En bref
- La France dépasse 4 % à dix ans
- La dette publique dépasse 3 500 milliards d’euros
- Les non-résidents détiennent 56 % de la dette
Quand l’État emprunte plus cher, la note finit par remonter dans les comptes publics. C’est ce qui se joue avec le taux à dix ans de la France, passé au-dessus de 4 % jeudi matin, un niveau qui n’avait plus été atteint depuis juin 2009.
Un seuil qui n’avait plus été vu depuis 2009
Le signal est d’abord symbolique, mais il n’a rien d’anodin. Ce taux correspond au rendement exigé par les investisseurs pour prêter à l’État français pendant dix ans. Plus il grimpe, plus la charge de la dette augmente pour les finances publiques.
Le sujet est d’autant plus sensible que la dette publique française atteint déjà un record, à 117 % du PIB, pour un total de plus de 3 500 milliards d’euros. Cela ne veut pas dire que toute cette dette bascule immédiatement à 4 %, puisque l’État ne refinance pas l’intégralité de son encours chaque année. Mais la direction prise compte, quand même.
Pourquoi les marchés demandent plus pour prêter
D’après John Plassard, analyste chez Cité Gestion, ce mouvement combine plusieurs facteurs. Il cite les tensions inflationnistes liées à l’énergie, les anticipations sur la politique monétaire en Europe, ainsi qu’une prime de risque propre à la situation politique et budgétaire de la France.
Autrement dit, les marchés réclament une rémunération plus élevée pour immobiliser leur argent sur dix ans. Ce n’est pas qu’une mécanique technique. C’est aussi une lecture du contexte économique et du niveau de confiance accordé au pays.
La comparaison avec l’Allemagne éclaire le signal
Le mouvement ne concerne pas uniquement la France. En Allemagne, le taux à dix ans a lui aussi touché un plus haut, à 3,20 %, un niveau inédit depuis 2011.
Mais l’écart reste parlant. Les investisseurs demandent davantage pour prêter à la France qu’à l’Allemagne, alors que les deux pays empruntent sur la même durée. En gros, cela reflète une perception de risque différente, même dans un contexte de hausse plus large en zone euro.
Qui détient la dette française aujourd’hui
Autre point à regarder, la composition des créanciers. Selon l’Agence France-Trésor, service de Bercy chargé d’émettre les obligations françaises, 56 % des détenteurs de la dette de la France étaient des non-résidents fiscaux à la fin de 2025. Ils représentaient 50,1 % en décembre 2022.

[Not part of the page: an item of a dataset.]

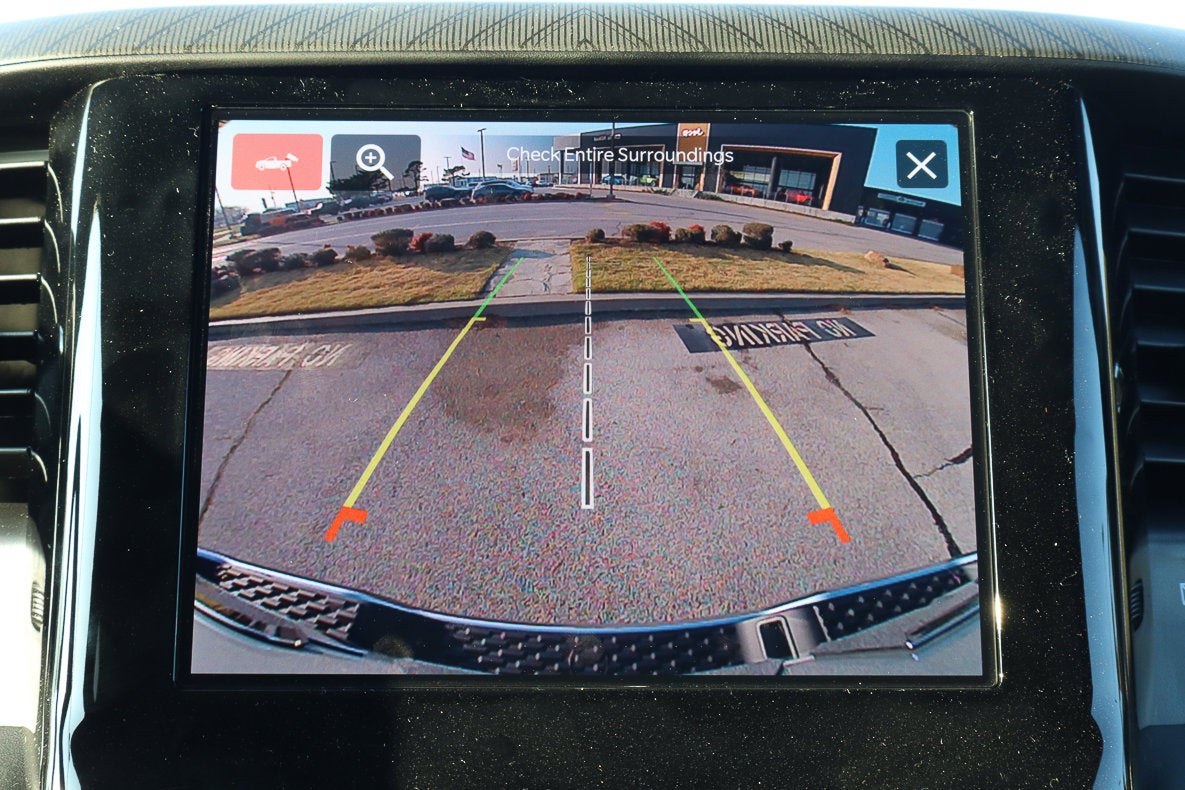 2026 RAM 1500 Big Horn 4x4 Crew Cab 5'7 Box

Côté créanciers français, on retrouve les banques pour 10,5 %, les compagnies d’assurance pour 9,6 %, les OPCVM pour 1,8 %, ainsi qu’un ensemble d’autres créanciers pesant 22,2 %. Derrière le seuil des 4 %, il y a donc plus qu’un chiffre. Il y a la question de ce que coûtera, dans les prochains mois et les prochaines années, le financement de l’État français.